Use different solutions next to MySQL. MySQL (and some other databases) aren't good for every type of data storage or retrieval. Someone mentioned NoSQL before. NoSQL solutions are quick, but still immature. They don't do as much as relational databases do. They use methods of delaying disk write (they keep cached copy of data they need to write in RAM) so that they can achieve fast insert rates. That's why it's not unusual to lose data when using NoSQL.
Topic about MySQL vs "insert database or whatever here" is broad, I don't want to go into that but remember - every single one of data stores out there saves data on the hard drive eventually. The difference (physical of course) is how they optimize their flushing to the disk itself.
I also didn't mention various reports you can run by gathering the data (how many men between 19 and 21 have clicked an advert X between 01:15 and 13:37 CET and such) which is what Facebook is actually gathering (scary stuff!).
Third up - the language gluing the data store (MySQL) and output (HTTP server). PHP.
As you can see, most of the work here is already done by Apache and MySQL. Optimization on PHP level is small, even facebook got small results (they claim 50%, but that's UP TO 50%). I tried HipHop extensively, it is not as fast as it claims to be. Naturally, Facebook guys mentioned that already, so it's no wonder. The advantage they get is because they replaced Apache with their own server built in into HipHop. Some people claim "language X is better than language Y" and they're right, but that's not always the case. Each language has its own advantages and disadvantages.
For example, PHP is widely-spread but it's slow for certain operations (implementing a Trie with over 1 billion entries for example). It's great for things like echo some HTML after parsing the output from the db. It's quick to insert and retrieve data from the database, and that's about 90% of the PHP usage - talk to the db, display the data, end.
Therefore, no matter what language you use (say we used C++ instead of PHP), your bottleneck will be the data storage / retrieval layer.
On the other hand, why is using C++ NOT handy? Because there are more people who know how to use PHP than ones who use C++. It's also MUCH slower to develop web apps in C++. Sure, they will execute faster, but who will notice the difference between 1 millisecond and 1 microsecond?
This post is more like an informative blog post, I know it's not filled with resources to back up my claims but anyone who did any work with larger data sets or websites will know that the P.I.T.A. is always the data storage component. Some things that I said probably won't fit with everyone, but in a NUTSHELL this is how you'd go about optimizing your site.
Unfortunately, your question doesn't have a simple answer. For the MySQL portion of it, you would need to investigate database scale-out. You can start looking at it here: http://www.mysql.com/why-mysql/scaleout/mixi.html. There are a number of different ways to set up Apache/PHP web sites across a server farm. One of them involves setting up round robin DNS. This is adding a DNS record with a number of different IP addresses. Your DNS then hands out a different IP address each time the record is requested so that the load is balanced across a number of servers. You can also set up clustering with MySQL, Apache and Heartbeat, but that is more of a high-availability solution than a scaling solution.
When you have a website with so many users you'll already have enough experience to know the answer of the question, you'll also have a lot of money to pay people to find the optimal architecture of your system.
I'm not saying that what I describe below is the Holy Grail, but it is certainly an option:
You will have a big, fragmented database with lots of backups and you'll have a few name servers which will know the location of servers and some rules about the data stored on each server. When data is searched the query will be sent to a name server which will find the server(s) where the answer can be found for the particular query. I've also upvoted N.B.'s answer, I think he is mostly right.
For lots of users, you should have a server with lots of memory and speed. Configure php.ini to allow more memory usage. A server with lots of users should have 4-12GB available. Also, save resources by closing the desktop environment. If you have this many users, you might want to consider a CDN and also make a database request queue.

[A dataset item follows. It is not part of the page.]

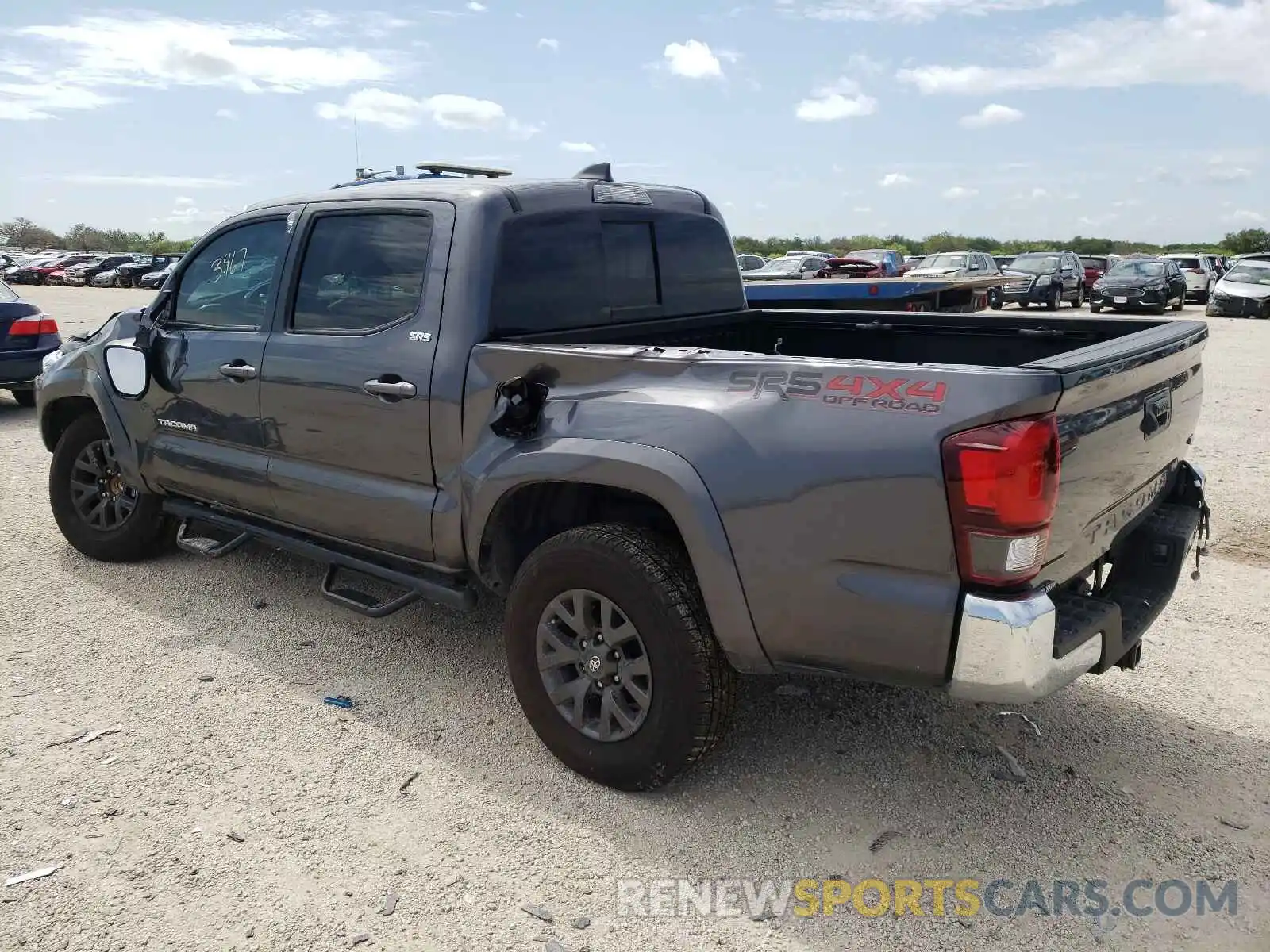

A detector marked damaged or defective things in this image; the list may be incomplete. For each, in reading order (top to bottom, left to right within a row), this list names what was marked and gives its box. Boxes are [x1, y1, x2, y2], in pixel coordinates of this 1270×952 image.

Addressing scalability issues in web applications

This is a very general question from a newbie thinking about web application scalability. I am hosting my php based web application on a single microsoft IIS server. How do I determine how maximum number of connections that a IIS server can support without affecting performance? Also, main performance criteria for a web application in this situation would be the http response time correct ? I have a mysql database that does some expensive joins. So, my question really is - how to figure out how many max connections the server can handle? And How to speed up database performance ? I m looking for general recommendations.
ufff this is really generic question.
regarding the maximum amount of request the server can server. Try using some tool to stress it. I would recommend jmeter
regarding scalability:
Use optimized indexes
Cache much as you can: scripts, pages, images, etc.
optimize your site
but remember that premature optimization is the root of all evil and can cost you more than you think
To stress test you can use: http://support.microsoft.com/kb/231282/en-us
For what regards the database the only way (if you want to stick with one server) is to do less query per request and maybe use materialized view (be aware of table updates at this point)
The best of course is to cache your HTML so when users request your pages you don't need even the db connction, you just sends the html cached
First you need to understand what performance is acceptable to your user experience. That usually breaks down to response time of the server. If your maximum response time can not exceed 1 second for users to have a good experience, then you figure out how many queries per second the server can handle, end to end , without violating the 1 second response time for 99% of the queries. Once it violates that, its time to add more capacity in the form of servers.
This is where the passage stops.